YOLOV7 | MediaPipe |
Input Size: 960 (letterbox) Model: yolov7-w6-pose.pth Device: GPU | Input Size: 256×256 Model: BlazePose GHUM Full Device: CPU |
1. YOLOv7 vs MediaPipe on Difficult Postures
In the following video, we can see that YOLOv7 is performing comparatively better than MediaPipe. Switching to default resolution does improve the results. Moreover, in terms of inference speed, YOLOv7 is more than 2x faster.
- YOLOv7: 83.39
- MediaPipe: 29.0
2. Analyzing the Effect of Increased Input Size
Let’s check out the previous 256p inference results with default 960p GPU results. This is the previous sky diving example where YOLOv7 performed poorly on input size 256×256. The result on the right is after changing the input size to default 960p.
256p | 960p |
In the previous low-resolution input experiment YOLOv7 could not detect the person even once. After increasing the input resolution to 960p, the result improves significantly. This is however not as good as MediaPipe.
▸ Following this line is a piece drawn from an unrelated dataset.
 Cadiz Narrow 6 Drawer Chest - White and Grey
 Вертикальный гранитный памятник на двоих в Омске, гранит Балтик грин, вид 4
Similarly, with the Yoga posture detection experiment, the result improves. Detection in the 960p version is definitely better than the jittery output of 256p.
Swimming is a difficult activity for pose estimation models to track. The person gets occluded repeatedly. The following example shows swimming posture detection by YOLOv7 in different resolutions.
Observations
- MediaPipe is observed to be producing good results on low-resolution inputs compared to YOLOv7.
- It is faster than YOLOv7 on CPU inference.
- MediaPipe is also comparatively good at detecting far-away objects (persons in our case). However, when it comes to occlusion, YOLOv7 wins.
- While MediaPipe is limited to single-person, YOLOv7 can detect multiple people simultaneously.
- YOLOv7 is also better at estimating fast movements, given that the input size is high resolution.
- Moreover, YOLOv7 can harness the power of GPU, which makes it way faster than MediaPipe.